→ **WHAT YOU ARE ASKED TO DO**
Reproduce the data that follows character for character, but omit its pictures.
+ + +
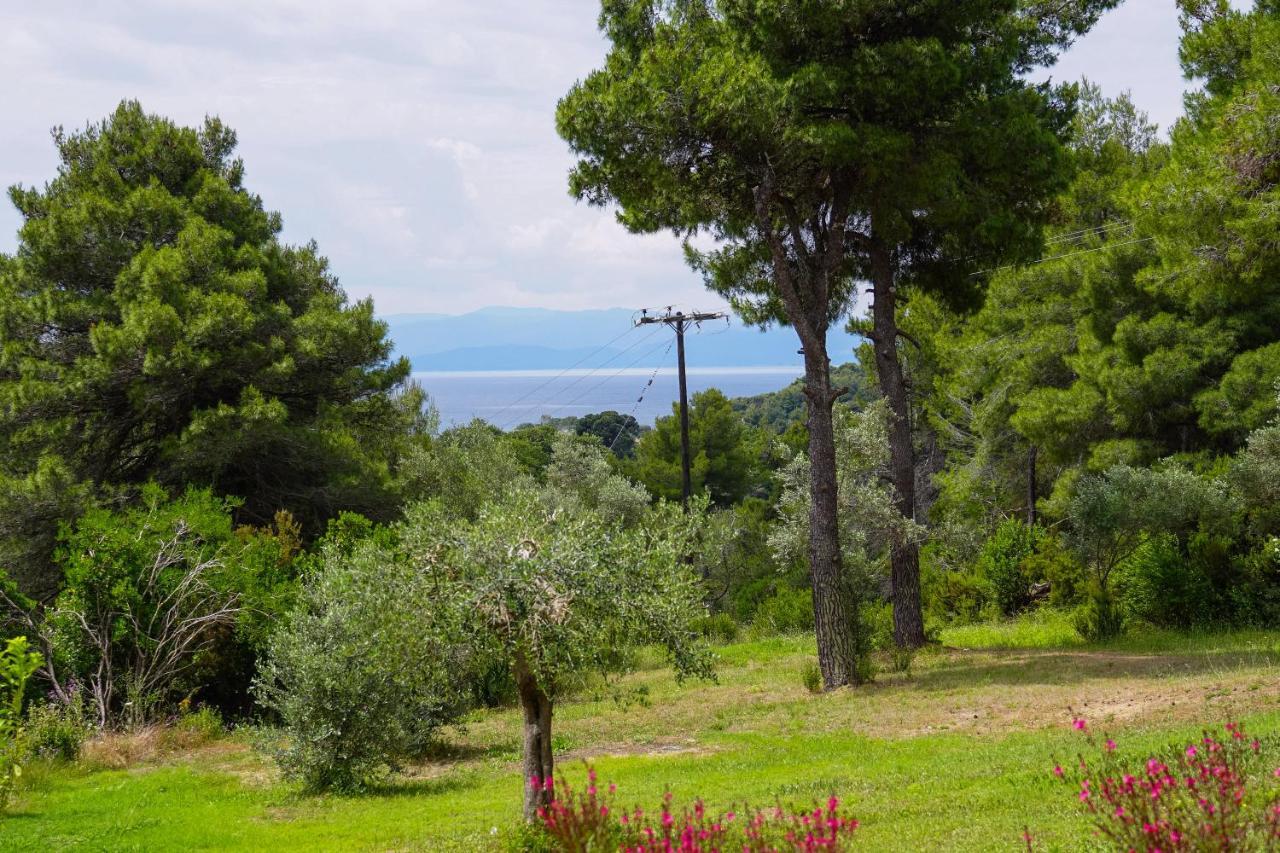 Forest Resort Suites Skiathos Troulos Eksteriør bilde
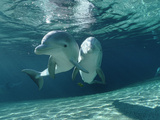 Bottlenose Dolphin (Tursiops Truncatus) Underwater Pair  Hawaii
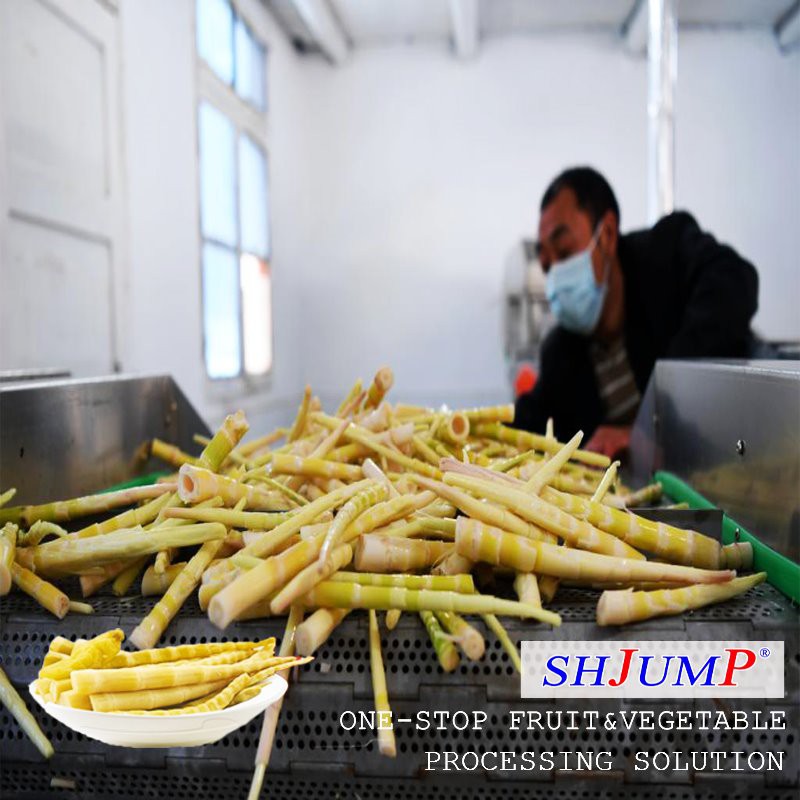 タケノコ加工ライン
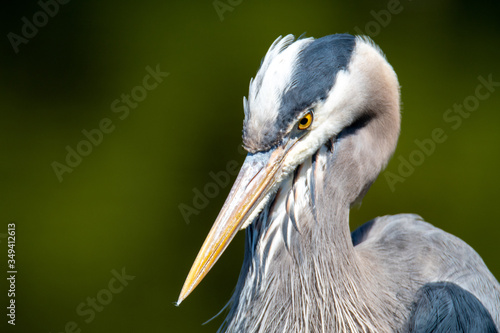 Photographie A closeup of a great blue heron face.   Vancouver BC Canada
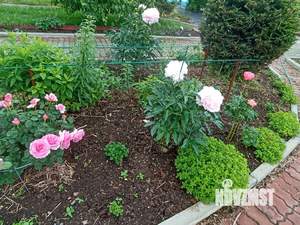 Дом 30м², 1-этажный, участок 8 сот.  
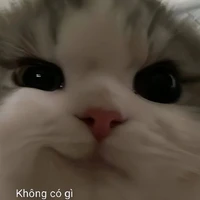 hệ thống [trợ lí t/g]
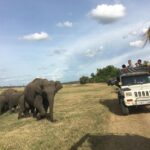 1 polonnaruwa sight seeing tour and minneriya elephant safari Polonnaruwa Sight Seeing Tour and Minneriya Elephant Safari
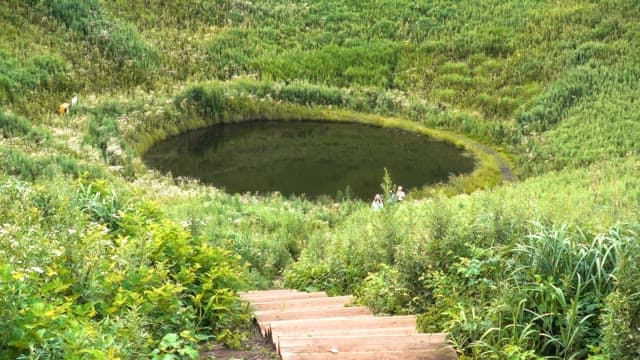 Small lake surrounded by lush greenery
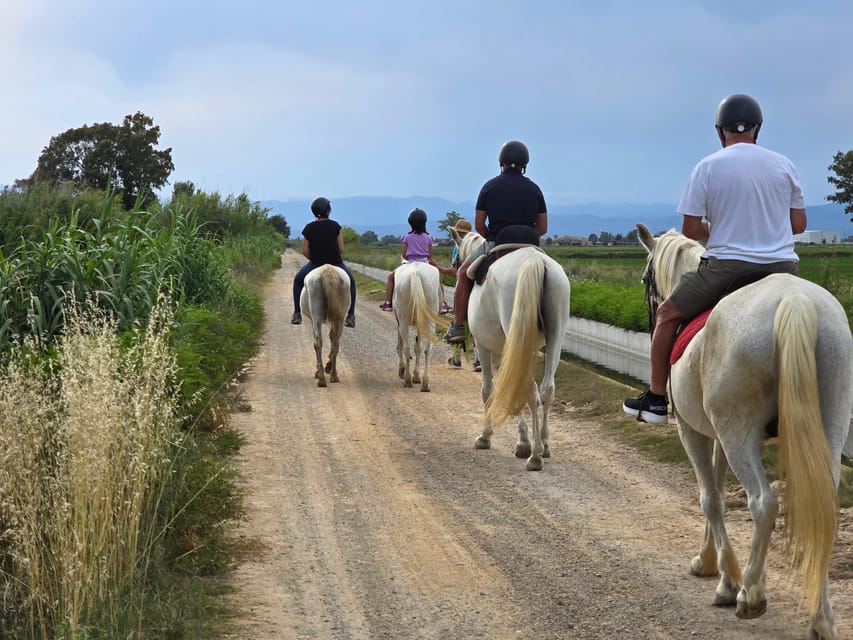 Ebro Delta National Park: Guided Horseback Riding Tour - Should you book Deltanatur’s Ebro Delta horseback tour?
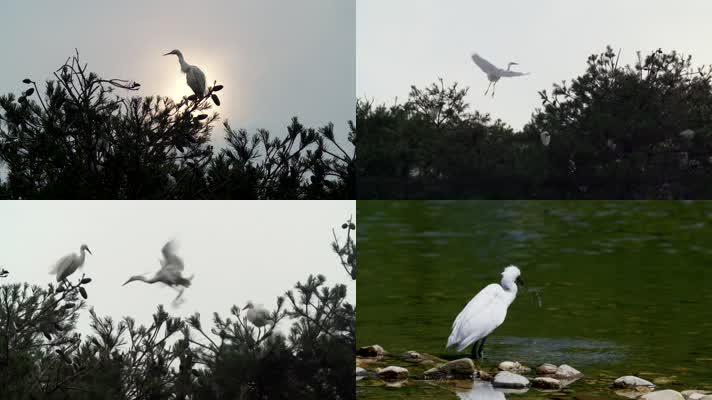 苍鹭白鹭候鸟慢镜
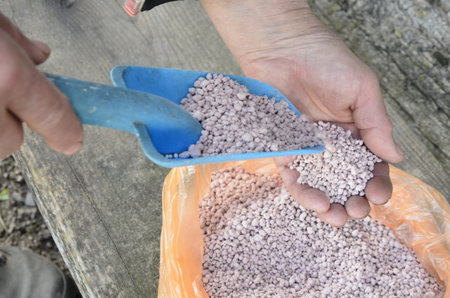 farmer picks up fertilizer.Nitrogenous fertilizer.Fertilizer granules.close up chemical Fertilizer...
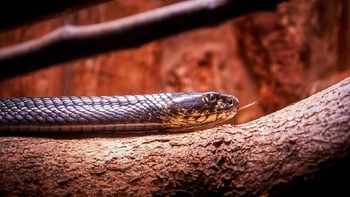Forest Cobra atau Kobra Hutan (Naja melanoleuca) merupakan spesies kobra terbesar dari Afrika. Dia ditemukan di hutan dataran rendah dan habitat sabana yang lembab. Kematian korban dapat terjadi dengan cepat sekitar 30 menit sampai 2 jam. (iStock)
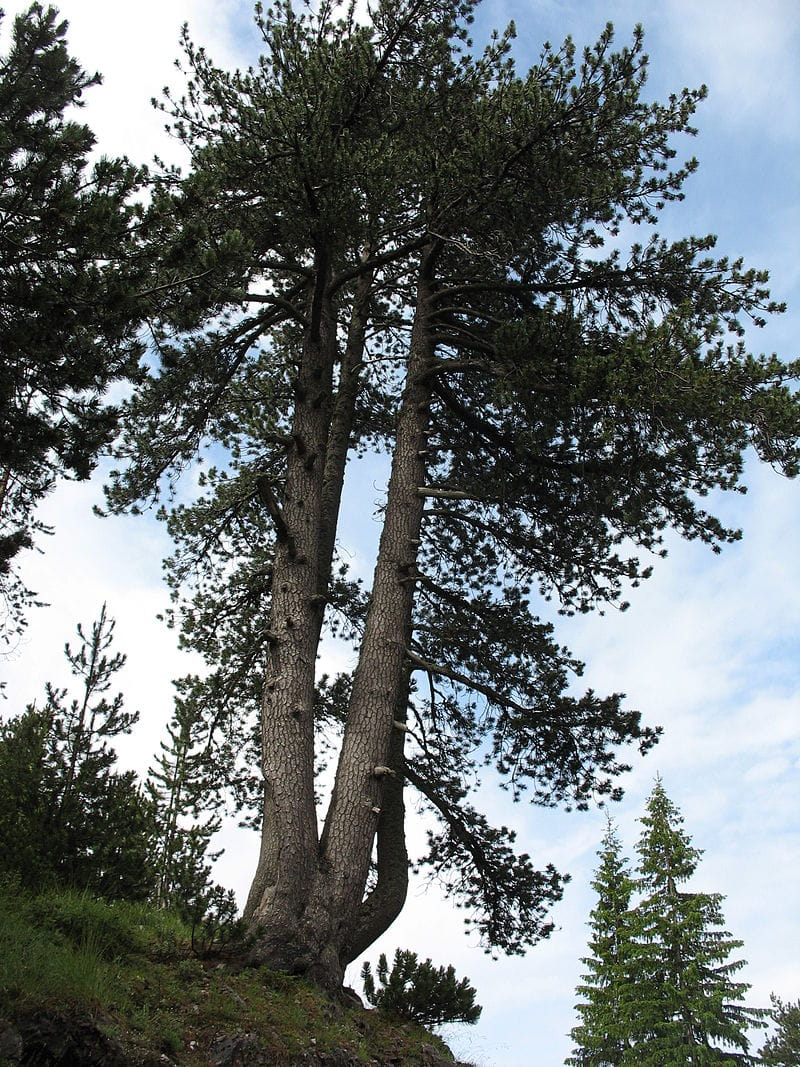 Schlangenhautkiefer • Pinus heldreichii var. leucodermis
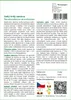 SAFLAX - Velký trnitý bambus - Dendrocalamus arundinacea - Náhled obrázku produktu 3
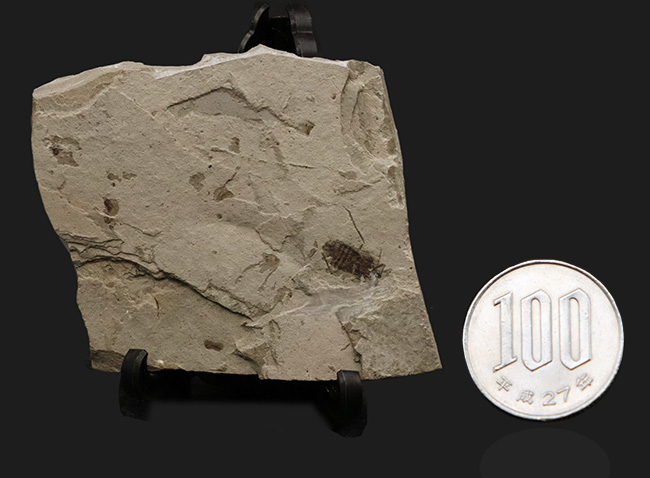 中国遼寧省熱河層群から発見されたジュラ紀後期の昆虫の化石(Insect fossil)(その8)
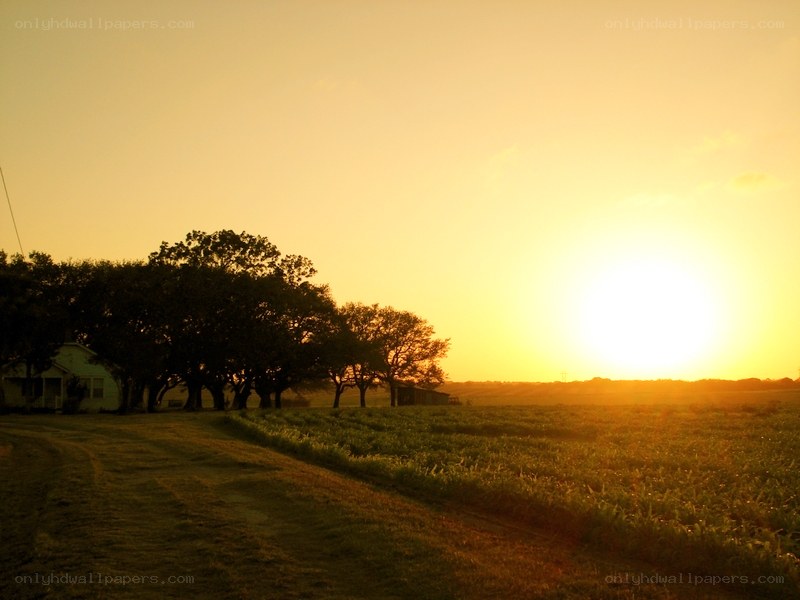 Sunset over rural farm field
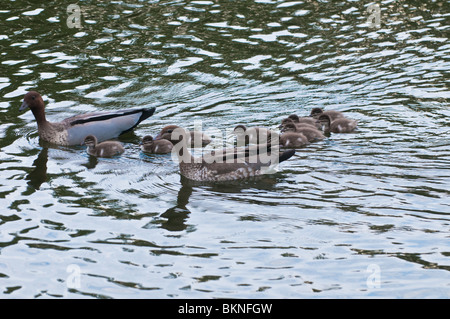 Weibliche und männliche Enten mit Entchen, UQ, Brisbane, Australien Stockfoto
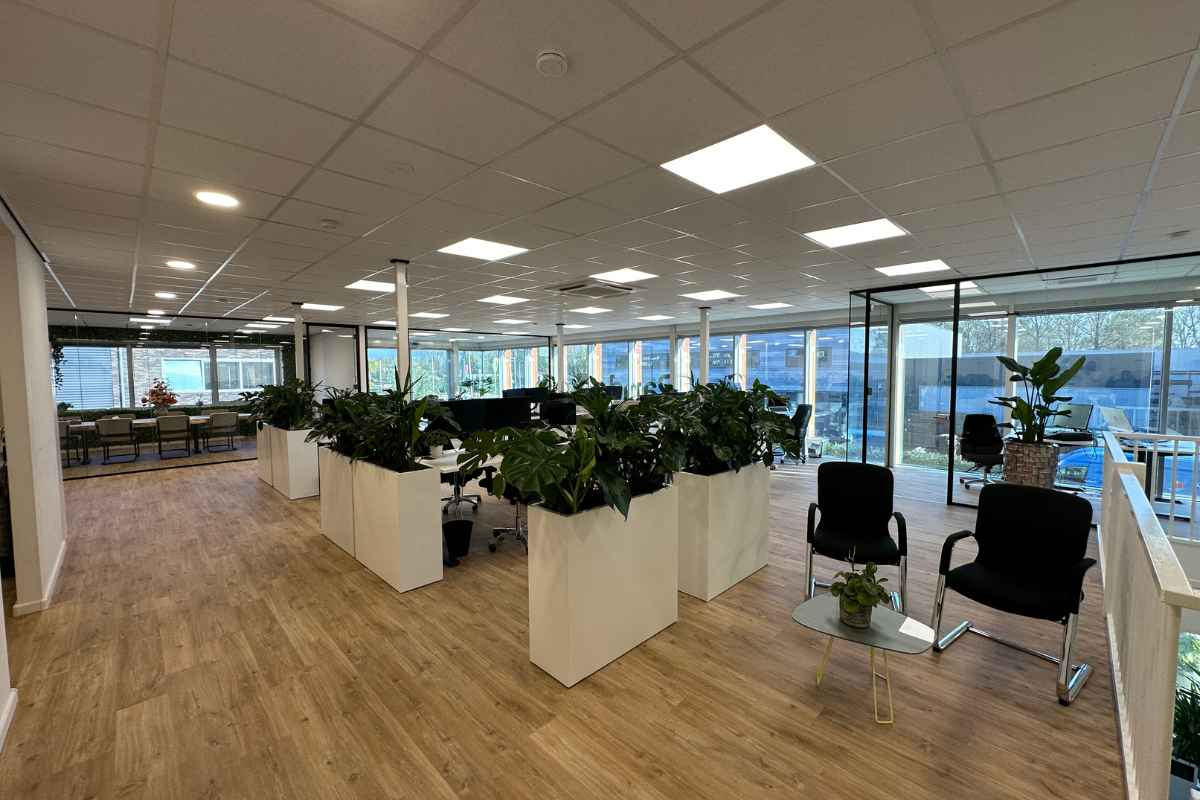Roomdivider met beplanting Roomdivider met beplanting in de kantoortuin bij Lavie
+ + +
→ **ANSWER**
 Forest Resort Suites Skiathos Troulos Eksteriør bilde
 Bottlenose Dolphin (Tursiops Truncatus) Underwater Pair  Hawaii
 タケノコ加工ライン
 Photographie A closeup of a great blue heron face.   Vancouver BC Canada
 Дом 30м², 1-этажный, участок 8 сот.  
 hệ thống [trợ lí t/g]
 1 polonnaruwa sight seeing tour and minneriya elephant safari Polonnaruwa Sight Seeing Tour and Minneriya Elephant Safari
 Small lake surrounded by lush greenery
 Ebro Delta National Park: Guided Horseback Riding Tour - Should you book Deltanatur’s Ebro Delta horseback tour?
 苍鹭白鹭候鸟慢镜
 farmer picks up fertilizer.Nitrogenous fertilizer.Fertilizer granules.close up chemical Fertilizer...
Forest Cobra atau Kobra Hutan (Naja melanoleuca) merupakan spesies kobra terbesar dari Afrika. Dia ditemukan di hutan dataran rendah dan habitat sabana yang lembab. Kematian korban dapat terjadi dengan cepat sekitar 30 menit sampai 2 jam. (iStock)
 Schlangenhautkiefer • Pinus heldreichii var. leucodermis
 SAFLAX - Velký trnitý bambus - Dendrocalamus arundinacea - Náhled obrázku produktu 3
 中国遼寧省熱河層群から発見されたジュラ紀後期の昆虫の化石(Insect fossil)(その8)
 Sunset over rural farm field
 Weibliche und männliche Enten mit Entchen, UQ, Brisbane, Australien Stockfoto
Roomdivider met beplanting Roomdivider met beplanting in de kantoortuin bij Lavie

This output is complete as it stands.